The latest report from the monthly Ulster Bank purchasing managers’ index (PMI) has painted a rather gloomy picture of the private business sector in Northern Ireland. Business activity has fallen for the 4th month in a row, with new orders further declining and the rate of job creation also slowing down.
This has led to an alarming drop in confidence among the NI business community. They believe that the continuing high interest rates, along with no clear leadership (as the Executive are still not sitting in Stormont) are having a profound effect on the economy.
All Business Sectors Have Posted A Decline
Speaking about this latest report, Ulster Bank chief economist Richard Ramsey is quoted in an article on the Belfast Telegraph website as saying:
“Northern Ireland’s private sector started the final quarter of the year with a further loss in momentum.
“Business activity fell for the fourth successive month, with all sectors posting a decline.

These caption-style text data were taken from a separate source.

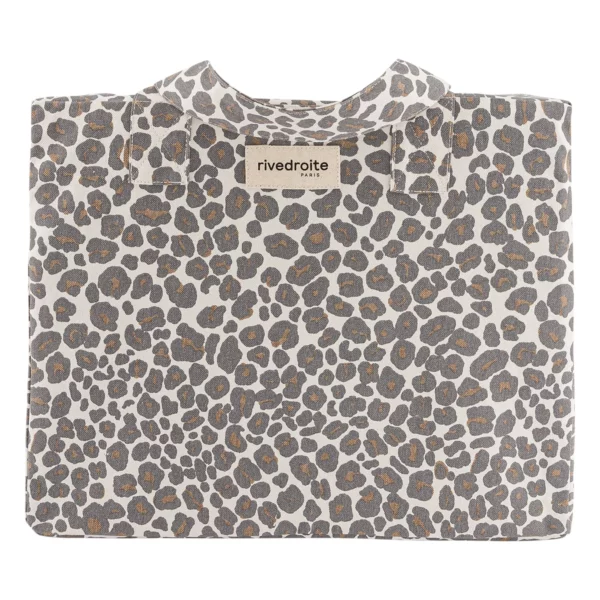 Sac 24h céléstin - Léopard gris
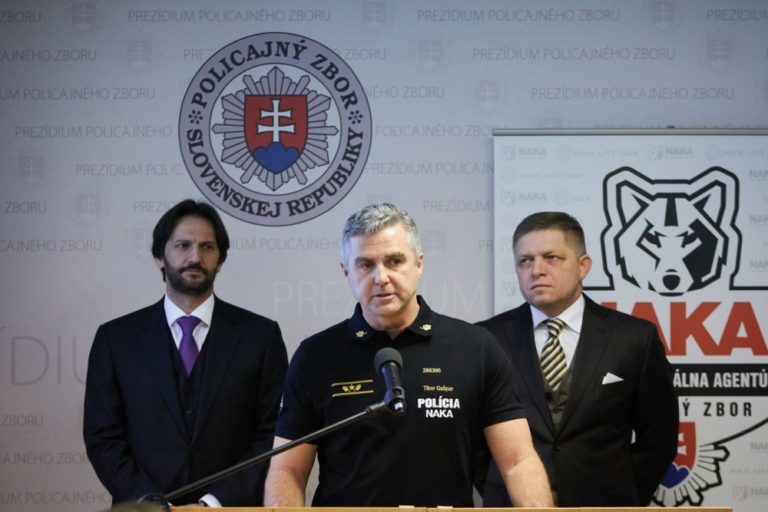 Robert Fico, Robert Kaliňák, Tibor Gašpar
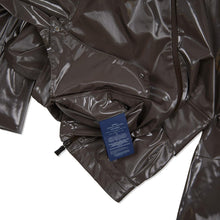 Load image into Gallery viewer, HERNO Ladies Laminar Waterproof Cape Jacket Brown Size 38 NEW RRP660

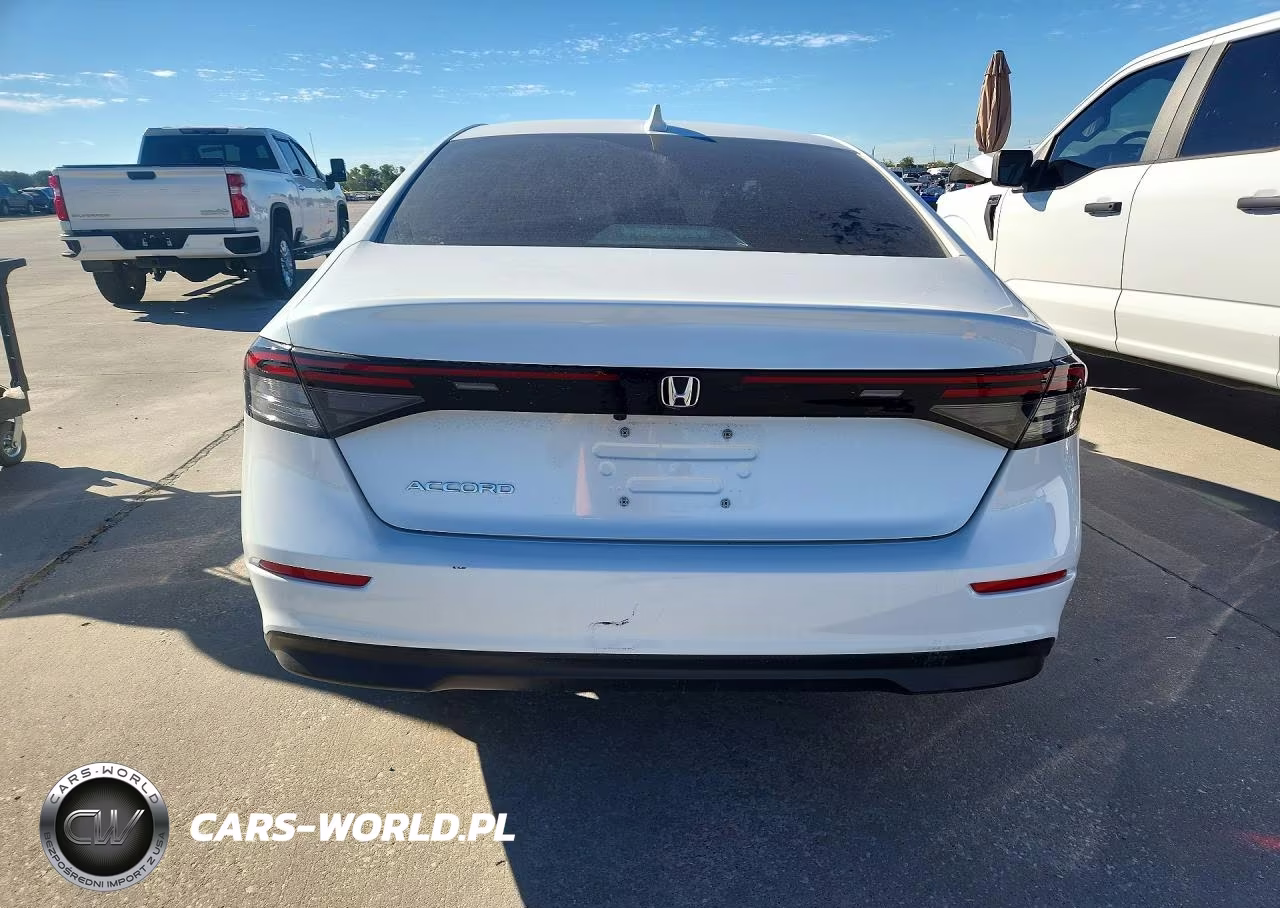 2024 Honda Accord Ex VIN:1HGCY1F31RA039623 - 6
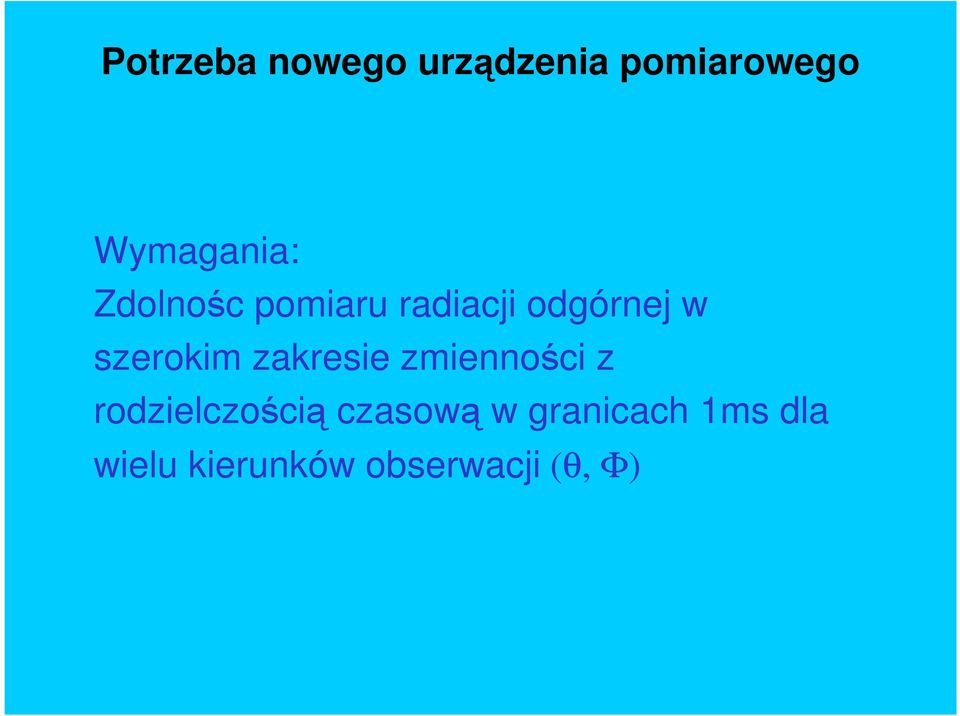 szerokim zakresie zmienności z rodzielczością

It was a similar story regarding order books, which recorded their fifth consecutive month of contraction.”
He went on to say that:
“The higher interest rate environment and the ongoing political stalemate at Stormont were cited by businesses as key reasons behind their challenges.
“Nevertheless, Northern Ireland’s private sector once again increased staffing levels, albeit at the slowest rate in 10 months.
“Looking ahead, we have the Chancellor’s autumn statement on November 22. However, expectations that he will provide a fiscal boost to businesses or households are extremely low.”
Higher Interest Rates And Stormont Stalemate Having A Negative Impact
And in the same article another spokesman for the Ulster Bank said:
“Output decreased across all four monitored sectors. Panellists reported that higher interest rates and a lack of government at Stormont had impacted negatively on both business activity and new orders in October. New orders decreased solidly, and to the greatest extent since January.”
The fall in demand for goods and services has led to many companies keeping their price rises to the bare minimum, with some companies in the manufacturing and retail sectors reducing prices. Building firms were particularly pessimistic about what the future held for them, many of them conceding that they were expecting to still be mired in a recession 12 months on from now.
This latest report does not make for good reading with very little to be encouraged about. The hope is that, when eventually interest rates begin to decrease rather than increase, and if and when the Executive at Stormont gets round the table again, that business conditions begin to improve. But we could be waiting for any good news for quite a while yet.